Pretty dog at a lanky age.


----------



## cassadee7 (Nov 26, 2009)

Castlemaid said:


> Lisa, when you comment that a dog is stretched, is that a comment on how they are stacked, or is that a comment on their conformation (long back?)


That is my question, too!

Thank you for the comments and critiques, guys


----------



## lhczth (Apr 5, 2000)

That is a nicer way to say "long in the back" especially in reference to the area from the end of the ribs to the point of the hip.


----------



## MicheleMarie (Mar 29, 2011)

i love the lean long leg look  my dog is 9 months and is built just like that...i am secretely hoping he stays that way lol


----------



## Castlemaid (Jun 29, 2006)

lhczth said:


> That is a nicer way to say "long in the back" especially in reference to the area from the end of the ribs to the point of the hip.

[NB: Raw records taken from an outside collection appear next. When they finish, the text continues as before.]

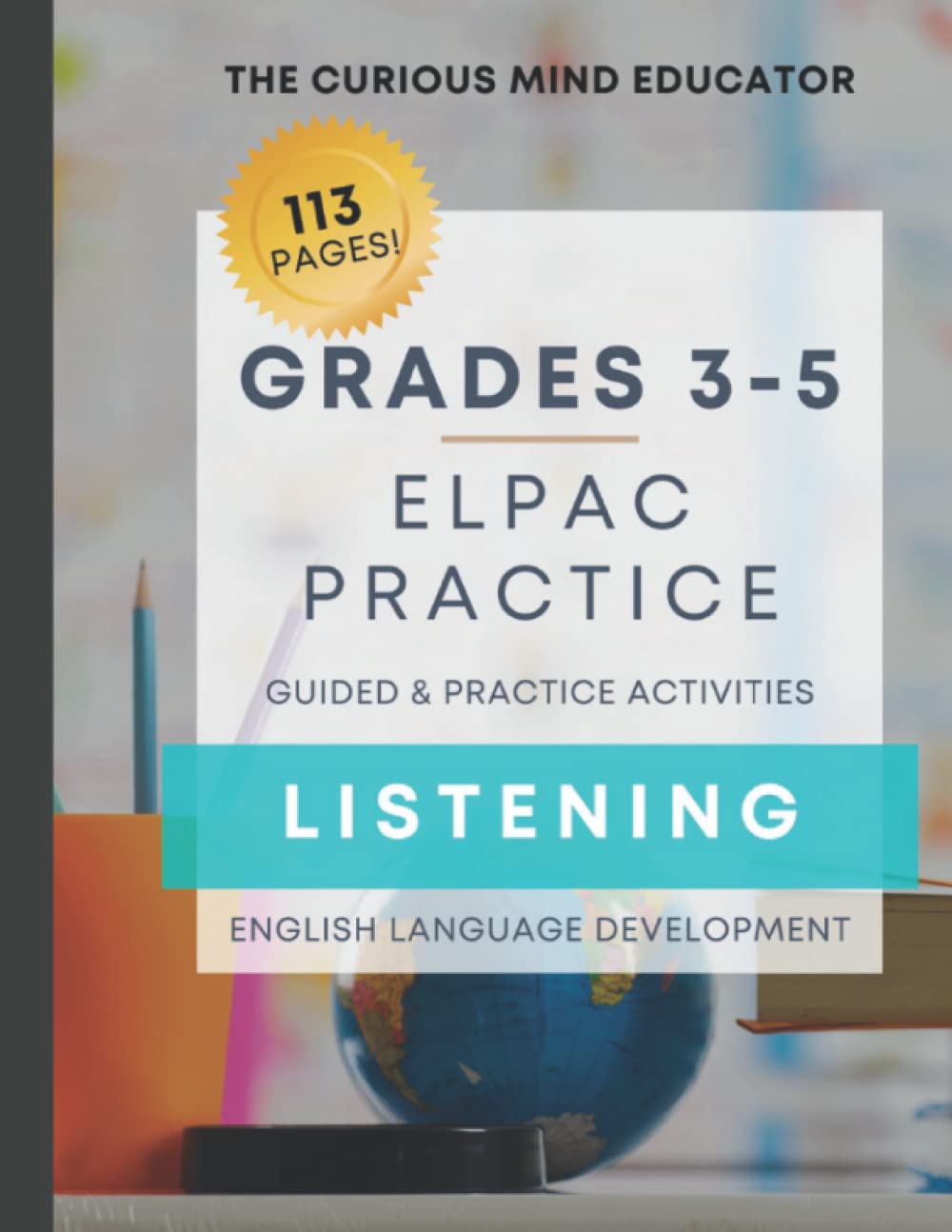 ELPAC/ELD LISTENING Practice Book: 3rd-5th Grade - 2503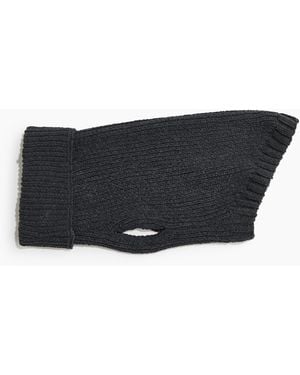 H&M Hundepullover aus Rippstrick - Schwarz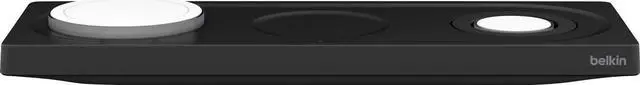 Alt view image 18 of 18 - Belkin 3-in-1 Wireless Charging Pad with Official MagSafe Charging 15W, Black
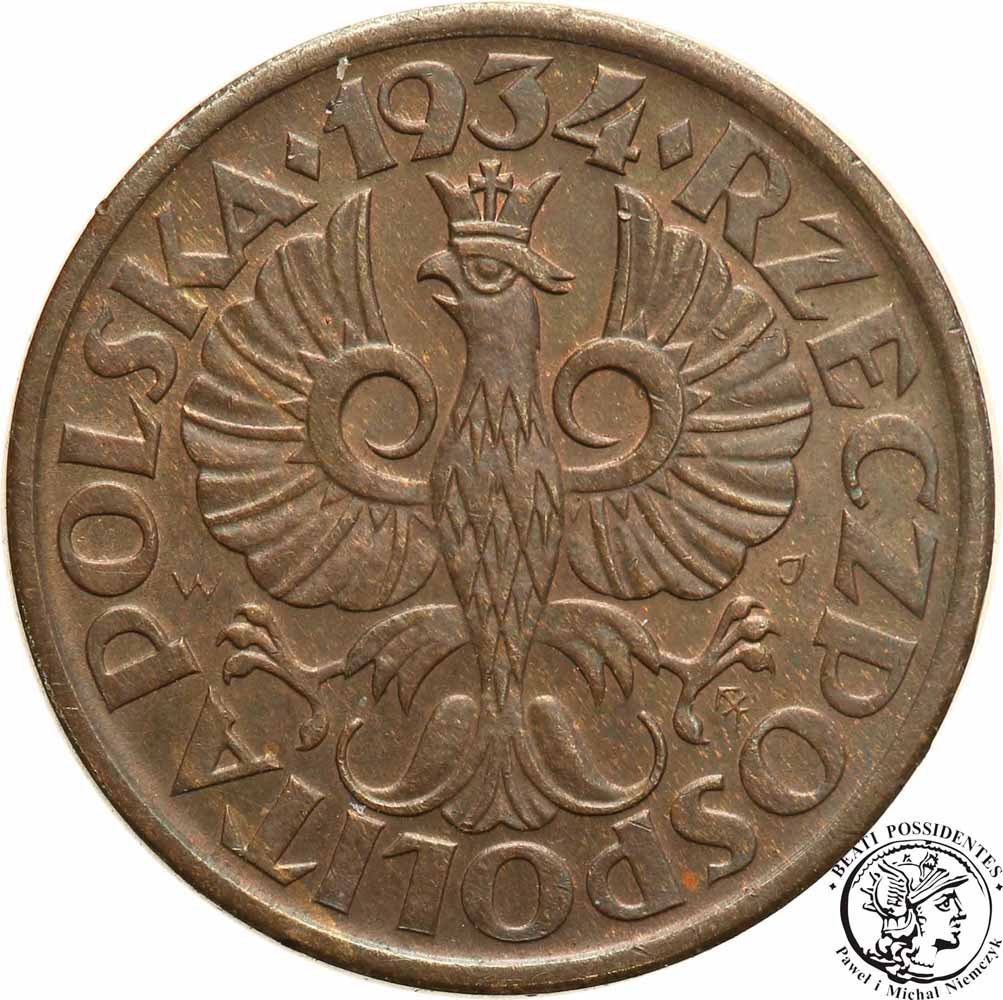 Polska II RP 1 grosz 1934 st. 2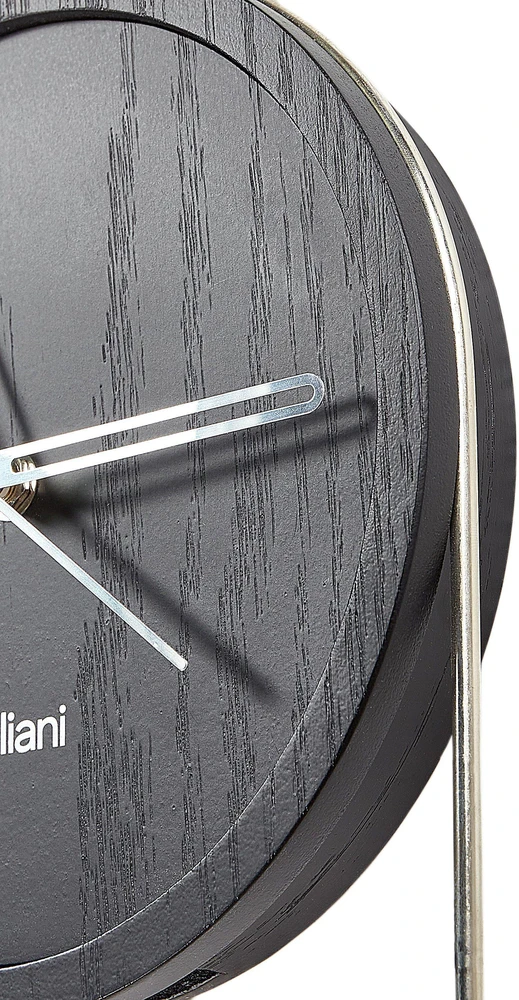 Beliani Sieninis laikrodis SIERRE 20 cm juodas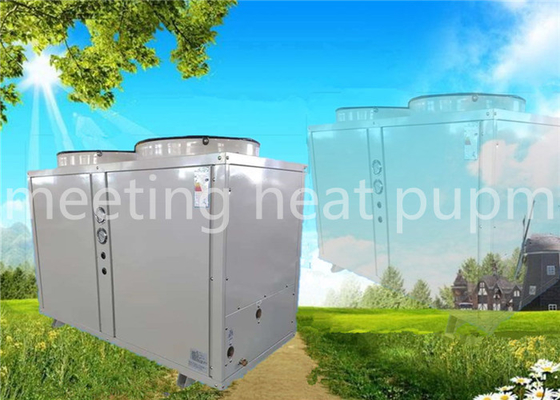 Air Source Heat Pump Unit Ultra Low Temperature Air Energy Heat Pump 10p Top Blowing Single System Circulating Hot Water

Thanks! I always thought you were commenting on the stack, but then Saber didn't have a stretched stack in the pics. Really learning a lot all the time from reading your critiques - I still have to develop an eye for much of what more experienced people see.


----------



## cassadee7 (Nov 26, 2009)

I wonder if she is done growing? Probably height wise, but do you guys think she will fill out and put on some more weight over the next year or two?


----------



## lhczth (Apr 5, 2000)

She may get a hair taller and yes she will fill out more until she is around 2-2.5 years.


----------



## cassadee7 (Nov 26, 2009)

It's funny, I love reading the critiques even though she is young. When she was younger often her critiques mentioned her HUGE ears, and I was thinking, "what? Her ears aren't big!" and now I look back at her pics back then and go, "whoa, her ears were that big?" LOL

She really is lean and tall though!


----------



## Ramage (Oct 10, 2009)

In my experience, they start to fill out quite a bit between 12-24 months. My own girls were smaller - 60 lbs to 65 lbs around a year of age and then hit 75-80 lbs as 2 year olds. They do a LOT of growing up until 2 years of age. Maybe not in height, though 

She is a lovely girl.


----------



## aubie (Dec 22, 2008)

Anna's chest didn't drop until she was over 15 months, and she finally stopped filling out around two-2.5. 

I love Saber's coloring!!


----------



## VonKromeHaus (Jun 17, 2009)

There's my favorite bitch!!! I love Saber! We should get together and you should let me get some pics of her!!!


----------